“The future is here. It’s just not evenly distributed yet.”

-William Gibson

Speculative-fiction author Bill Gibson is my kind of guy – he’s an American-Canadian. He also likes to make up his own terms for things and put himself out there with contrarian predictions about the future.

I’m currently in the middle of reading “The World In 2050” by Laurence Smith (excellent research read on resource risk, demographic risk, etc). In the very first chapter of the book, Smith gets your attention with the aforementioned Gibson quote and another by Niels Bohr.

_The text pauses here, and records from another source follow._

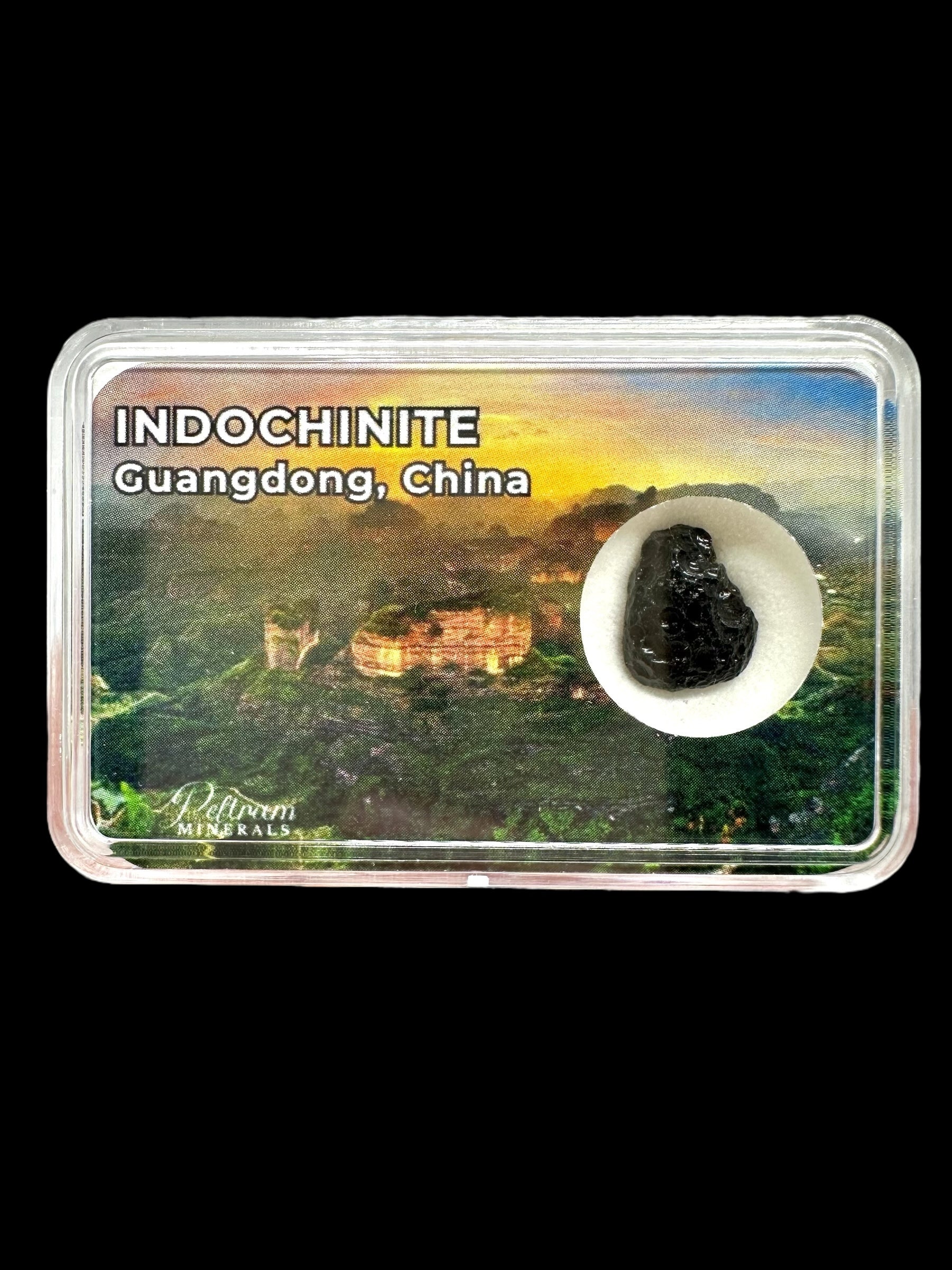 Indochinite in box – Guangdong, China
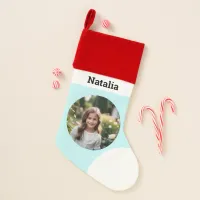 Personalized Photo Name Colorful Gift Christmas Stocking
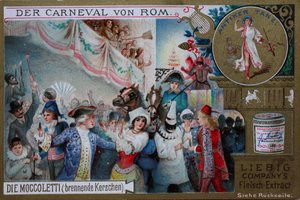 Samlers bildeserie The Carnival of Rome, Moccoletti, brennende lys av Unknown artist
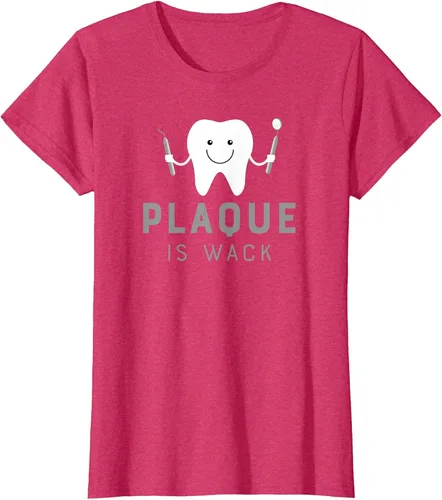 Vista 40 de Plaque is Wack Funny Dental Hygienist T-Shirt Asphalt Grey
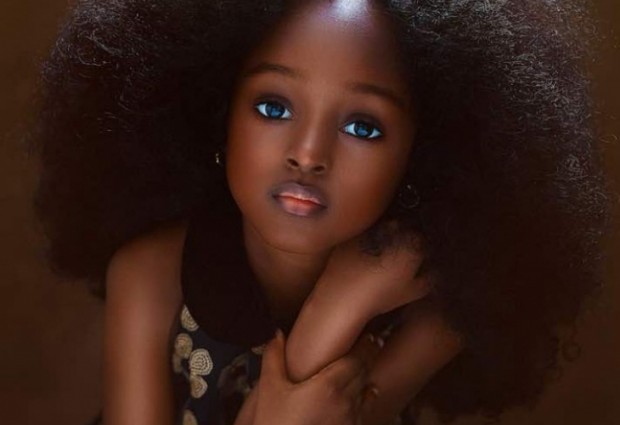 Фотогенично петгодишно момиче от Нигерия бе обявено за най-красивото дете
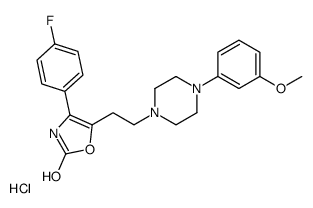 4-(4-fluorophenyl)-5-[2-[4-(3-methoxyphenyl)piperazin-1-yl]ethyl]-3H-1,3-oxazol-2-one,hydrochloride结构式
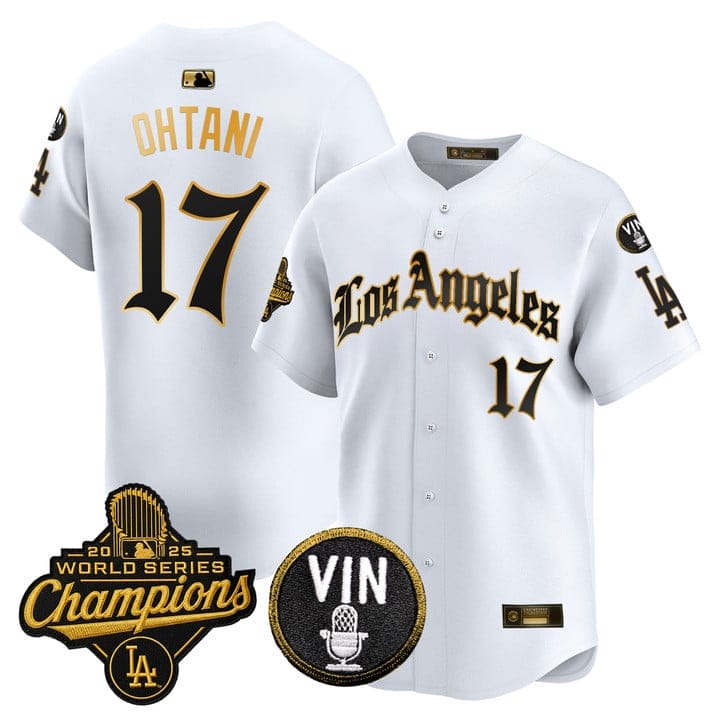 Shohei Ohtani Jersey #17 Dodgers 2025 World Series Champions LA Gothic - Image 4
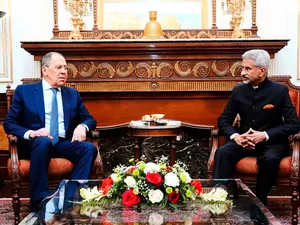 Miniştrii de Externe ai Indiei şi Rusiei, S. Jaishankar şi Lavrov, discuţii, pe 1 aprilie 2022 - Foto: Profimedia Images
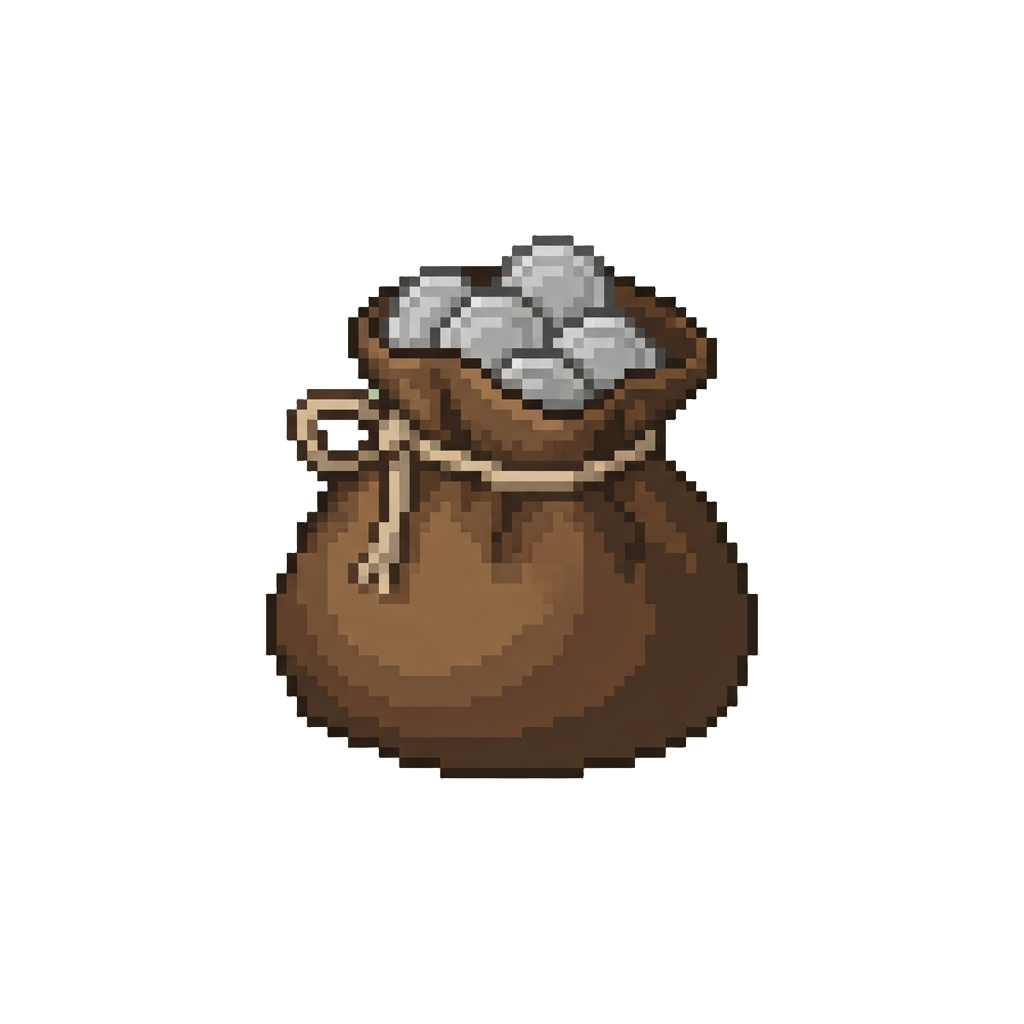 A Small Cloth Pouch of Silver Quarters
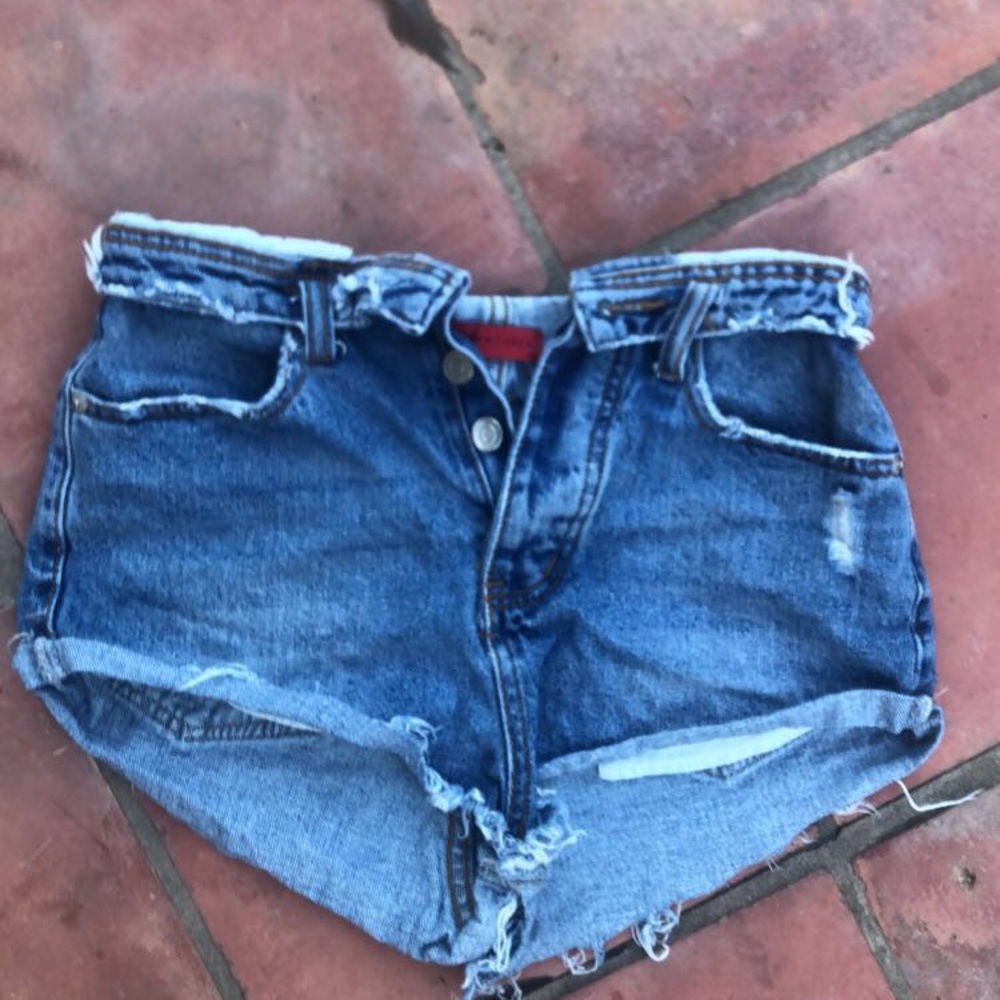 Denim shorts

Making market “calls”, or proactively managing risk around the edges of this globally interconnected marketplace, isn’t as hard as people crack it up to be. Sure, the daily grind is hard - but the data is there.

The future of Global Macro Risk Management is here.

Getting what people in this business used to call “edge” doesn’t come without orange jump suit risk. Ask The Raj about that. In economic cycles that are being shortened by Fiat Fool policies, the future of Risk Management Edge is going to be grounded in getting TIME and PRICE right.

To do that, in today’s marketplace at least (and this will change), you really need to get The Correlation Risk right.

To get The Correlation Risk right, you need to get the US Dollar right. To get the US Dollar right, you need to get monetary policy right. To get monetary policy right, you have to grind (or buddy up with The Gopher).

If the future was evenly distributed, you wouldn’t be seeing these massive moves in asset classes from quarter-to-quarter. It was only 6 months ago that Hedgeye had a Global Macro Theme called “Trashing Treasuries” (as in short them). Today, one of my highest conviction positions is long the long-bond (TLT). And in 3-6 months, I am sure that will change too.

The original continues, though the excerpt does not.